Chronicling a whole week's worth of social media headlines.

Caroline McCarthy Former Staff writer, CNET News
Caroline McCarthy, a CNET News staff writer, is a downtown Manhattanite happily addicted to social-media tools and restaurant blogs. Her pre-CNET resume includes interning at an IT security firm and brewing cappuccinos.
Caroline McCarthy
3 min read

"This Week in Social Media" is a completely straightforward and unbiased recap of recent industry moves and hot topics, pulled from all over the Web, so that you can go out on Friday night and impress people with how in-the-know you are.

This week, the venerable Rupert Murdoch almost reached Us Weekly-worthy levels of overexposure (I say "almost" because, thank the Flying Spaghetti Monster, there was no nudity involved) as his News Corp. empire appeared to have proven successful in its bid to purchase Wall Street Journal parent company Dow Jones. The amount of fuss over Murdoch's new toy, from the presidential campaign trail to the RSS feeds of Gawker, has been enough to prove to all of us that old media just ain't dead yet.

But it was a big week for the newer face of news as well--I'm trying very hard not to say "News 2.0" or "next-generation" here, but it just isn't working. We saw the beta launch of editorial-meets-automation aggregator Newser, and critics have already started to highlight a minor oversight: it doesn't aggregate blogs. Geek banter hub Slashdot launched "Firehose," a new rate-the-news feature that suspiciously resembles Digg. Local newspapers, meanwhile, have begun to test the video-to-the-editor waters.

On the money side, community-based news media site NowPublic raked in $10.6 million in funding. And one of blogging's scintillating successes, TreeHugger, was uprooted by that company that runs that channel that shows "Shark Week" once a year.

But we also saw evidence that these quirky little new-media experiments don't always work: the Associated Press has decided to euthanize ASAP, its podcast- and video-heavy "youth-oriented" spinoff.

Facebook, meanwhile, continued its streak of being completely unable to stay out of the news. The site experienced an odd little outage on Tuesday, which had plenty of people recalling MySpace's chaotic summer meltdown last year and even speculating that perhaps the Mark Zuckerberg-created (well, according to most people) social networking service had been hacked. Turns out it was a boring little proxy error. How dull!

Then there was that whole "Lunch 2.0" thing at Facebook's offices this week, which was really more of a happy hour than a lunch, and which Robert Scoble considered to be "one of those parties that in about five years we'll all be looking back on as a major inflection point in the valley." Um, hype much? The word on the street at Non-Lunch 2.0, at least for Scoble, was that web-based organization service Plaxo is very close to launching a social networking site that may or may not rival Facebook by being "open and controllable."

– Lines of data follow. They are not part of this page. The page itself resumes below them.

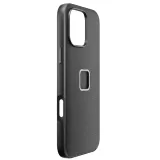 peak-design-mobile-etui-everyday-case-fabric-iphone-16-pro-max-grafitowe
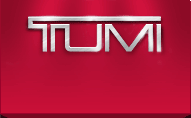 TUMI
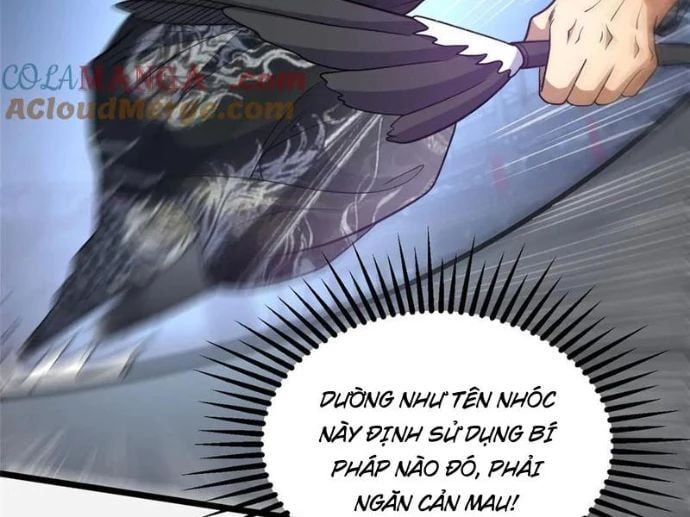 đọc truyện Siêu Phàm Sát Thần Chương 257 ảnh 12 tại Thiên Thai Truyện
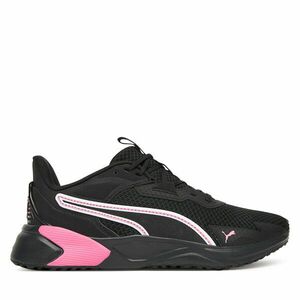 Edzőtermi cipők Puma Disperse Xt 4 310798 17 Fekete kép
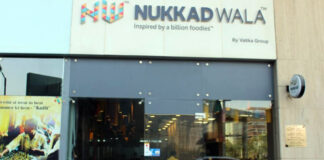 Nukkadwala to invest Rs 45 crore in expansion across Delhi-NCR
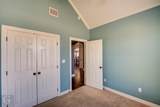 340 Avondale - Photo 14
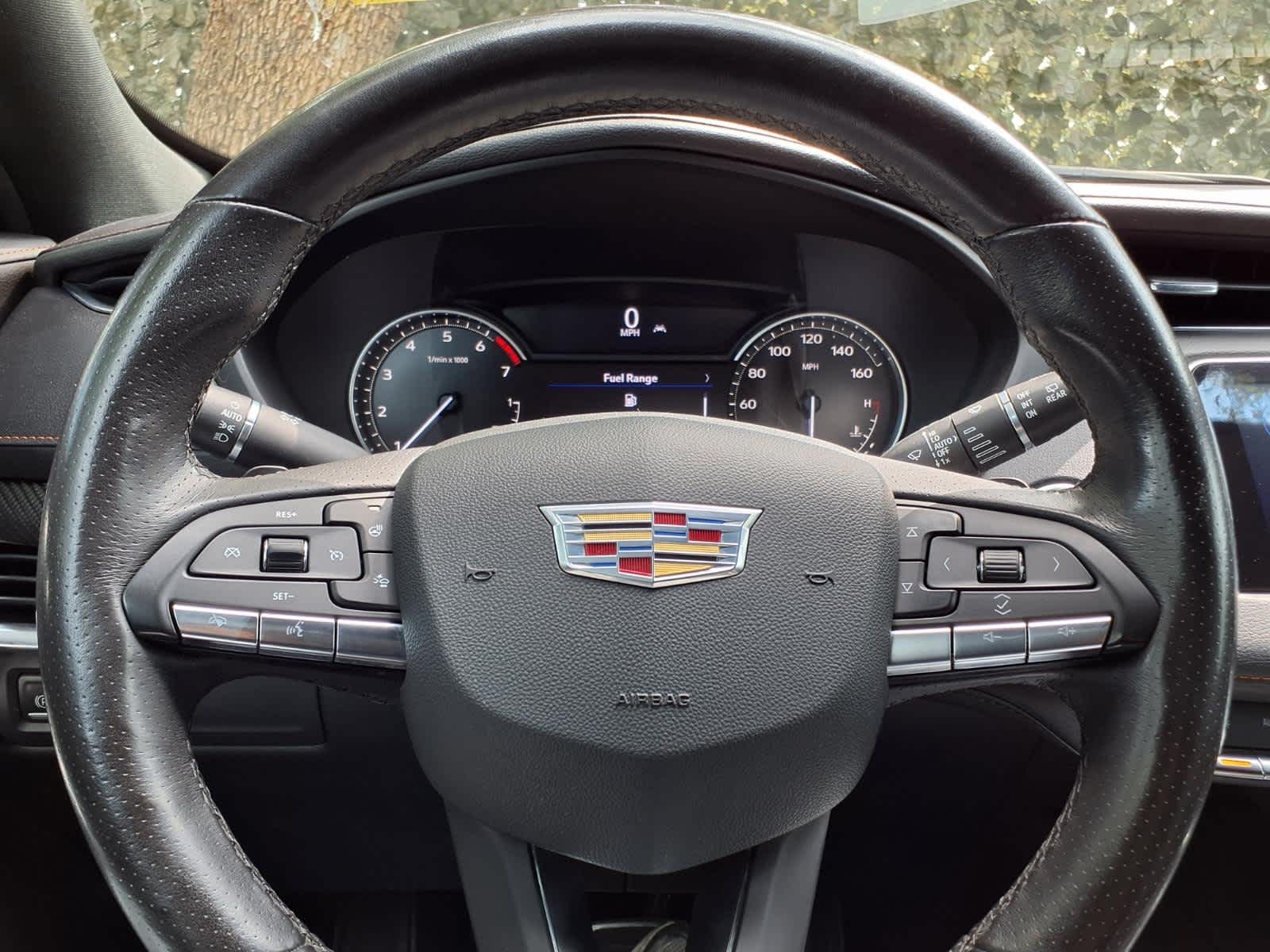 car-gallery-28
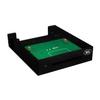 ACR39F-A2 Alternative to ACR38F Smart Floppy Card Reader Certifications EN60950/IEC 60950 Supports ISO 7816 Class A, B, & C view 4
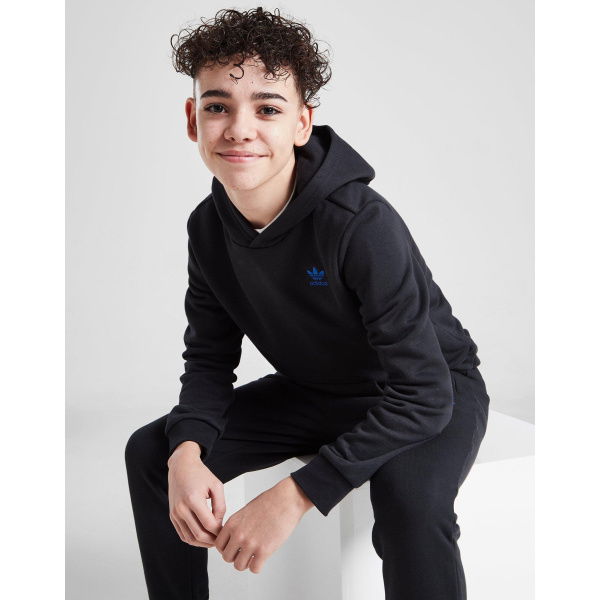 adidas Originals Essential Overhead Hoodie Junior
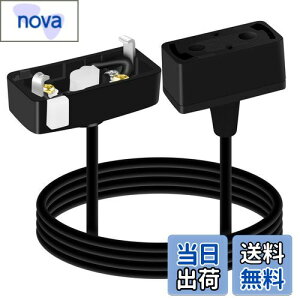 yzPispoer|V[O R[h|p^|V[OA_v^[ zvO|R[ht 1.0M|V[OCgVƖ ⏕ANZT[||ȒPt Hsv|PSEF|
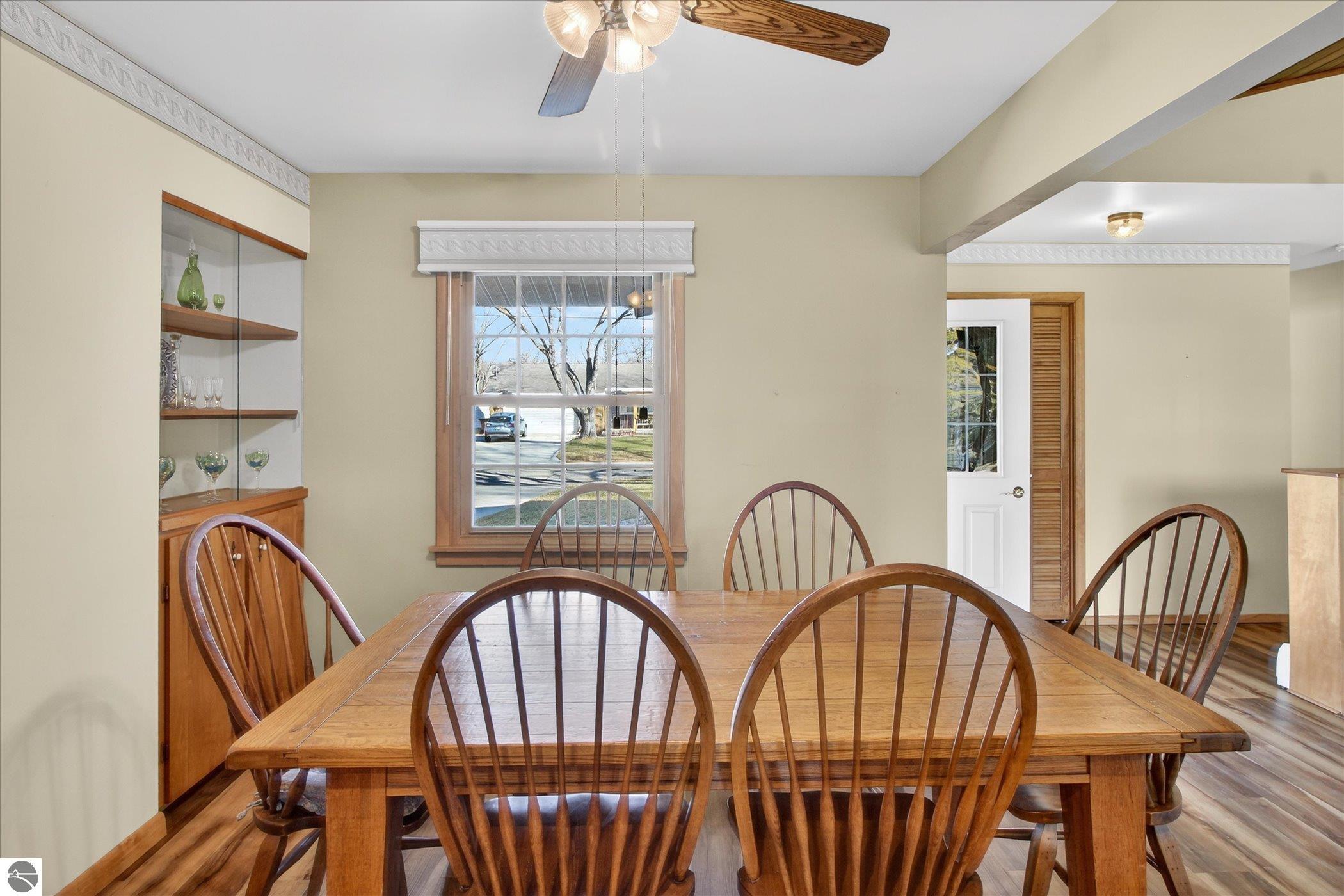 901 Riverview, Alma, MI 48801 — Photo 37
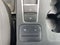 2021 Ford Escape S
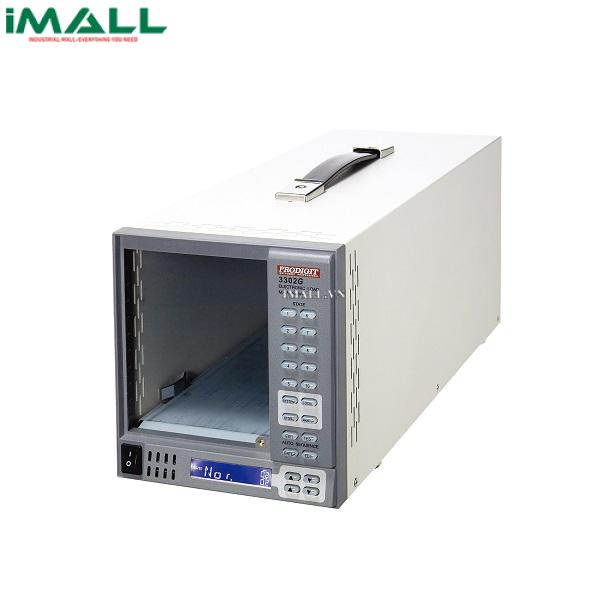 Thân máy mainframe PRODIGIT 3302G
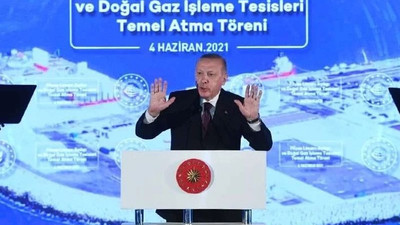 AKP hükümetinin 'müjde'lerinden sonra yapılanlar sıralandı: Her açıklama sonrası zam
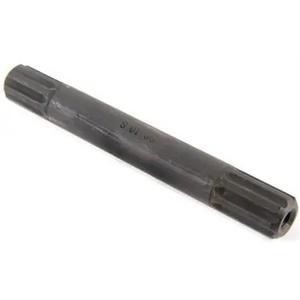 Bottom bracket axle Stolen Brand Mob/Oem 8 image-1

We'll see Plaxo's "Pulse" on Monday. In the meantime, everybody's already chattering about the prospects of an "open social network," as opposed to Facebook's "locked" model, from Fred Wilson wishing he could export more Facebook content to outside services to Pete Cashmore speculating that "identity aggregation without lock-in" might help deflate the shiny mylar Facebook balloon. Jason Calacanis, on the other hand, is talking bankruptcy.

Really, there hasn't been this much discussion of lockboxes since Al Gore's previous incarnation as a politician. (Remember that, way back when?)

Also of newsworthy note, this week it was John C. Dvorak who jumped onto the "let's talk about bubbles" bandwagon, which begs the question of whether doomsday hype about Bubble 2.0 is, in fact, itself a bubble... Yahoo Video decides to form Voltron in its battle against the Evil Emperor YouTube and maybe even introducing video into Flickr... the only real notoriety at Michael Arrington's bash last week was the online hookup posting and the well-documented presence of Manhattan journo-socialite Julia Allison... Some MySpace users want a prettier poster boy (or girl)... The violet interiors of Virgin America's droolworthy flying machines were unveiled. Intra-plane IMing? Sounds like it was deliberately installed for lonely Mile High Club hopefuls.